PROBLEM:
Reprint the entire listing exactly.

___ DATA EXTRACT ___

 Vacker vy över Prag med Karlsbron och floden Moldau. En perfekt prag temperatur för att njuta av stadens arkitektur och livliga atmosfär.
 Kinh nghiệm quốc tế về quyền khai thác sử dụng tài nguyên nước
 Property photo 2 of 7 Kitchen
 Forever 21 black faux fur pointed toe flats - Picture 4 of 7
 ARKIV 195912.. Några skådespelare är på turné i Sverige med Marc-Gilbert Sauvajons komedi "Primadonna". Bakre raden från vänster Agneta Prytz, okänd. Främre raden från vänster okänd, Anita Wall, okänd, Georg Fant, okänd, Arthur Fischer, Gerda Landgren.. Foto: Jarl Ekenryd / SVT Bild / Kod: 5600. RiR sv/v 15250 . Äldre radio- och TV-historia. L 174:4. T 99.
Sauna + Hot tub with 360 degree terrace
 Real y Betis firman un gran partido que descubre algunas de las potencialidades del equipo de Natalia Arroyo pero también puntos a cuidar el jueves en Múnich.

___

COMPLETED TASK:
 Vacker vy över Prag med Karlsbron och floden Moldau. En perfekt prag temperatur för att njuta av stadens arkitektur och livliga atmosfär.
 Kinh nghiệm quốc tế về quyền khai thác sử dụng tài nguyên nước
 Property photo 2 of 7 Kitchen
 Forever 21 black faux fur pointed toe flats - Picture 4 of 7
 ARKIV 195912.. Några skådespelare är på turné i Sverige med Marc-Gilbert Sauvajons komedi "Primadonna". Bakre raden från vänster Agneta Prytz, okänd. Främre raden från vänster okänd, Anita Wall, okänd, Georg Fant, okänd, Arthur Fischer, Gerda Landgren.. Foto: Jarl Ekenryd / SVT Bild / Kod: 5600. RiR sv/v 15250 . Äldre radio- och TV-historia. L 174:4. T 99.
Sauna + Hot tub with 360 degree terrace
 Real y Betis firman un gran partido que descubre algunas de las potencialidades del equipo de Natalia Arroyo pero también puntos a cuidar el jueves en Múnich.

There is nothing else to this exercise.